Friday, December 28, 2007

Reading for Dec 28, 2007

Today's reading from the Rule of St. Benedict

April 28, August 28, December 28
Chapter 70: That No One Venture to Punish at Random

Every occasion of presumption
shall be avoided in the monastery,
and we decree that no one be allowed
to excommunicate or to strike any of her sisters
unless the Abbess has given her the authority.
Those who offend in this matter
shall be rebuked in the presence of all,
that the rest may have fear.

But children up to 15 years of age
shall be carefully controlled and watched by all,
yet this too with all moderation and discretion.
All, therefore, who presume
without the Abbess' instructions
to punish those above that age
or who lose their temper with them,
shall undergo the discipline of the Rule;
for it is written,
"Do not to another what you would not want done to yourself" (Tobias 4:16).

Some thoughts

Must admit, my mind reels with all that I could say. Hard to distil out just one or 2. It is so very easy, all too easy, to think of entirely too many examples when a person or a group of people have taken upon themselves to right what they perceive as wrongs: vigilantes; those who commit hate crimes; people we run into every single day who are unable to mind their own business and go around correcting people.

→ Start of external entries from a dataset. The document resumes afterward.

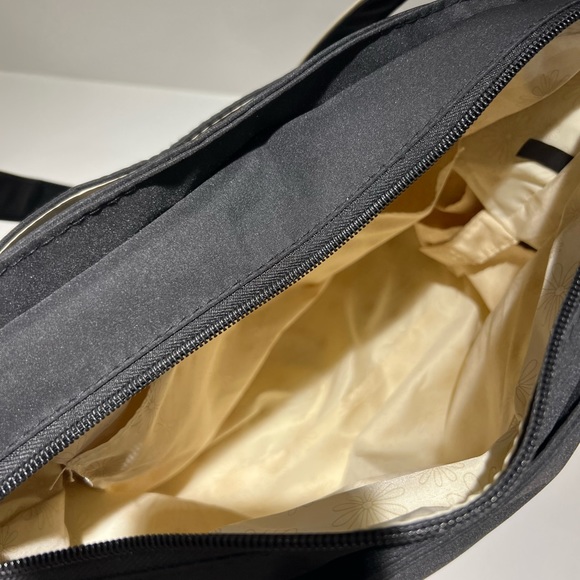 Medela Freestyle Flex Portable Electric Breast Pump - Picture 6 of 8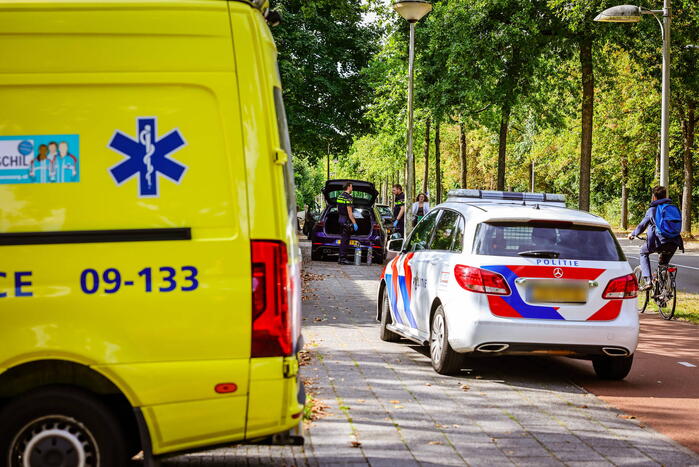 Bestuurder van auto geladen met lachgas ziet fietser over het hoofd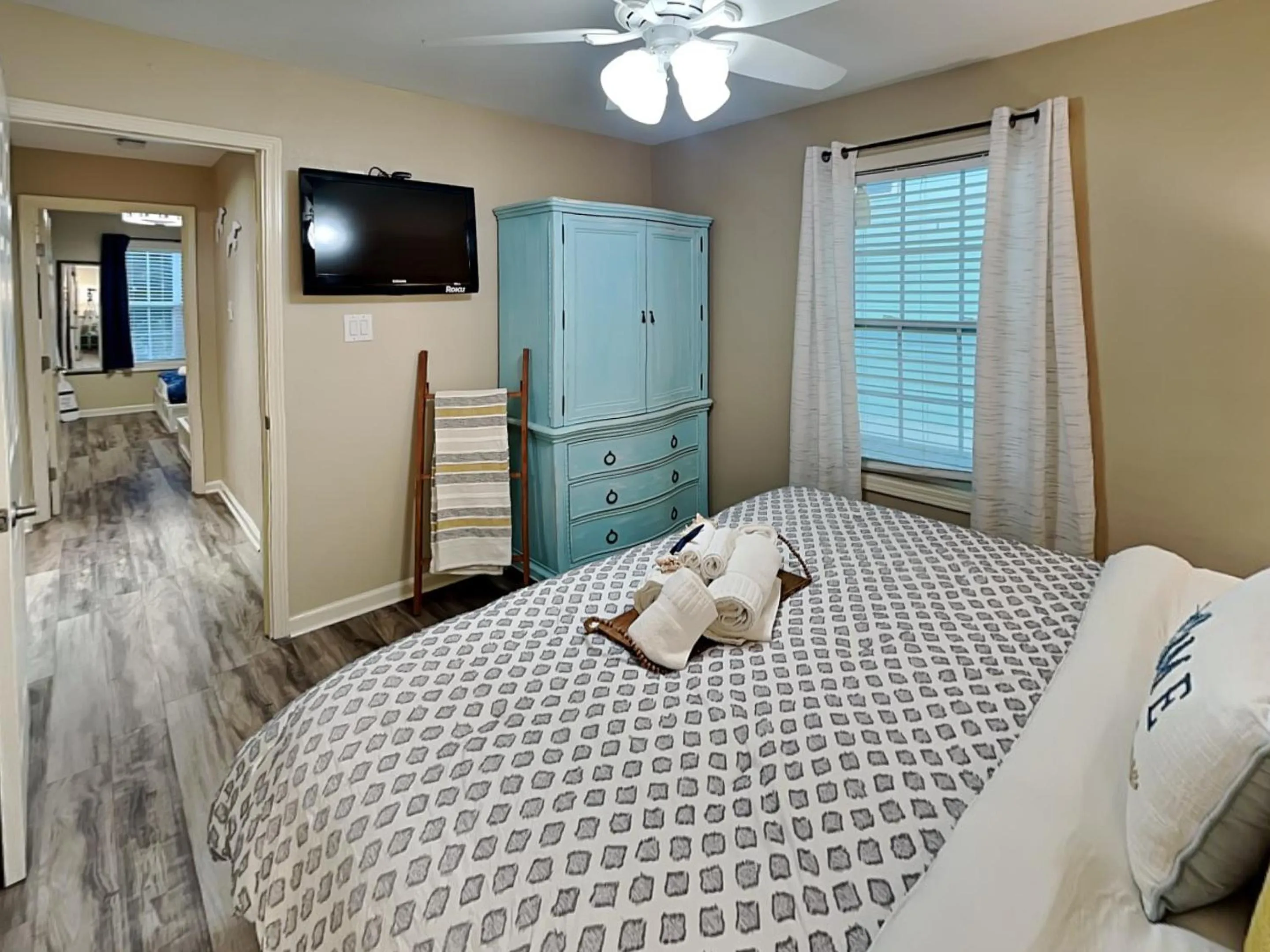 Property building, Bed in Always 5 Oclock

Something else that comes to mind is appropriate boundaries and limits. Of course, that is also part of minding one's own business. Seems to me the use of the "should/would/could" language is a very clear indication of when we have exceeded appropriate boundaries and limits and have started to mind someone else's business. "So and so should..." "If only X would" "You could..."

Of course, we are not always intrusive buttinskis when we use these words. But all too often we are. All we have to do is reflect on how we feel when we are on the receiving end to know how someone else feels when we say this stuff to them.

End of Sr. Gloriamarie's thoughts

Insight for the Ages: A Commentary by Sr Joan Chittister

This chapter of the rule is not about fist fighting. This chapter is about the arrogant usurpation of authority and the legitimization of violence. Even in a culture that routinely disciplined its young or unlettered with physical whippings, Benedict simply does not allow a culture of violence. Benedictine spirituality depended on personal commitment and community support, not on intimidation and brutality. Benedict makes it clear that the desire for good is no excuse for the exercise of evil in its behalf. This is an important chapter, then, for people whose high ideals lead them to the basest of means in the name of the achievement of good. To become what we hate-- as mean as the killers, as obsessed as the haters--is neither the goal nor the greatness of the spiritual life.